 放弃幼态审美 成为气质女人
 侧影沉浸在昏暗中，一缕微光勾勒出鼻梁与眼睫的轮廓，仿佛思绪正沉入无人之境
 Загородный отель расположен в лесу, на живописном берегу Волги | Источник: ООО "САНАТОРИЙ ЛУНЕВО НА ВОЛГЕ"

###

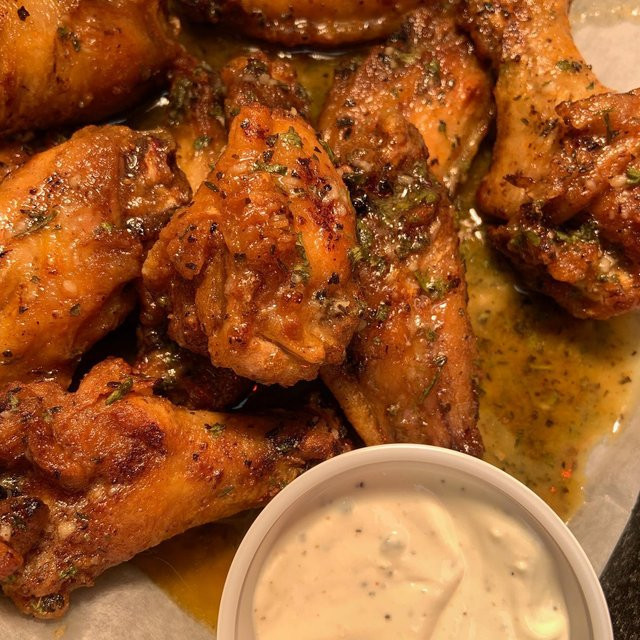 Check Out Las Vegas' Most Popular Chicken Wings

###

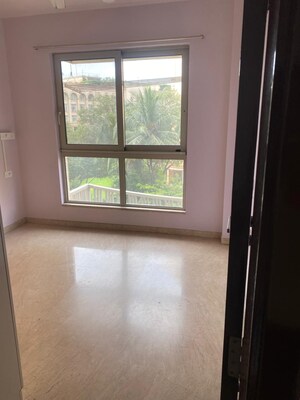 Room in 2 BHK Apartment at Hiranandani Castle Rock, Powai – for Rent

###

- **TASK OBJECTIVE**
Send back exactly the lines of the listing above starting at the one with "侧影沉浸在昏暗中，一缕微光勾勒出鼻梁与眼睫的轮廓，仿佛思绪正沉入无人之境" and ending at the one with "Загородный отель расположен", inclusive, and no others.

- **OUTPUT**
 侧影沉浸在昏暗中，一缕微光勾勒出鼻梁与眼睫的轮廓，仿佛思绪正沉入无人之境
 Загородный отель расположен в лесу, на живописном берегу Волги | Источник: ООО "САНАТОРИЙ ЛУНЕВО НА ВОЛГЕ"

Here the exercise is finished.